» TASK GOAL:
Restate verbatim the span of lines below between the line with "2018 MINI Cooper Countryman S" and the line with "Kia Sportage, 2014, 2.0, 135", including those two lines, and only that span.

» INPUT RECORDS:
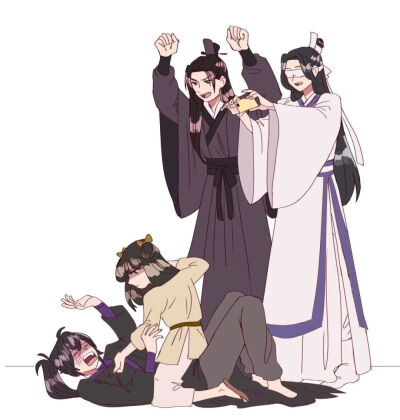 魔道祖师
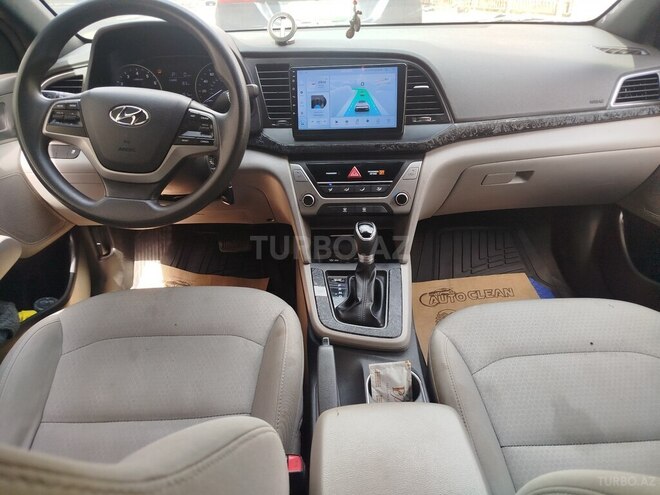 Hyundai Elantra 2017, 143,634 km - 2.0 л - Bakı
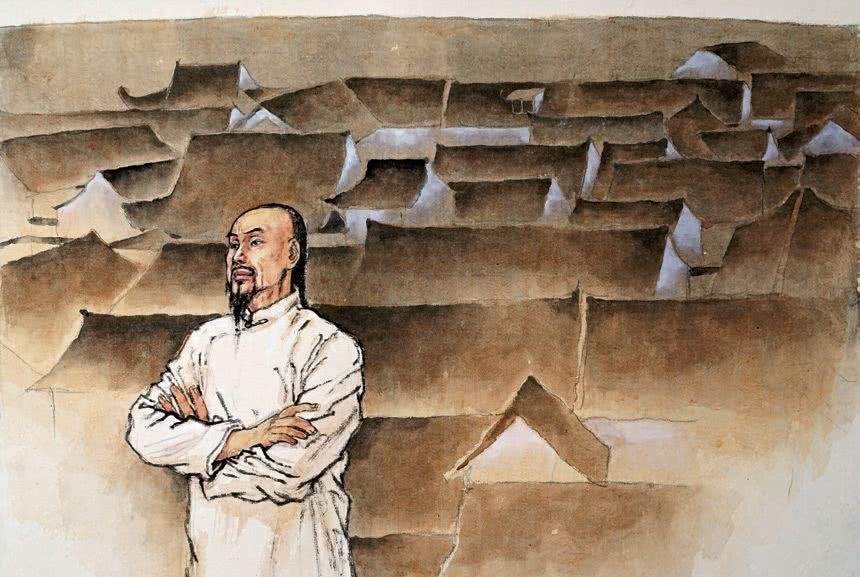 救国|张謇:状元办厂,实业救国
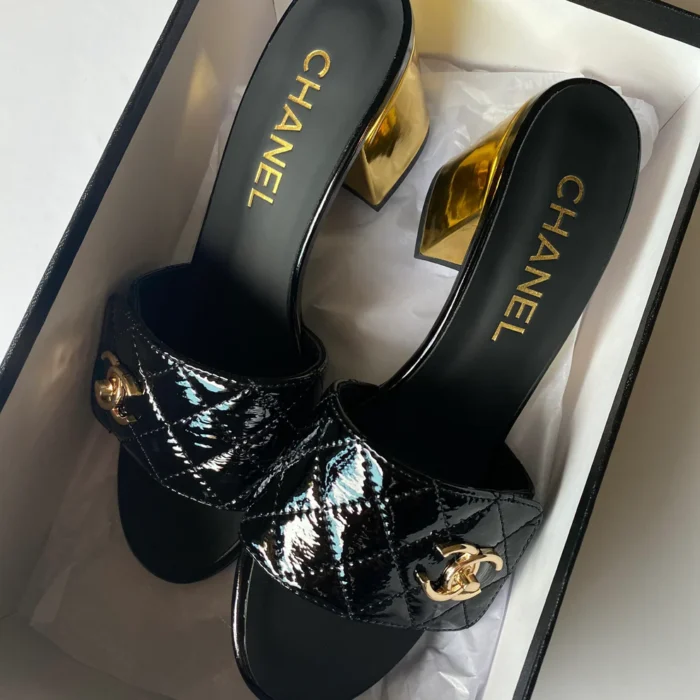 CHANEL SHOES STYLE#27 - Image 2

==

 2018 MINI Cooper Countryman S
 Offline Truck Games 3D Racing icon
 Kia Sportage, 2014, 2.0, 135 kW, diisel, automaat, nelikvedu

...

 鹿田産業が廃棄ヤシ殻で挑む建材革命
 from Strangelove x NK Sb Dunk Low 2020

» ANSWER TO THIS TASK:
 2018 MINI Cooper Countryman S
 Offline Truck Games 3D Racing icon
 Kia Sportage, 2014, 2.0, 135 kW, diisel, automaat, nelikvedu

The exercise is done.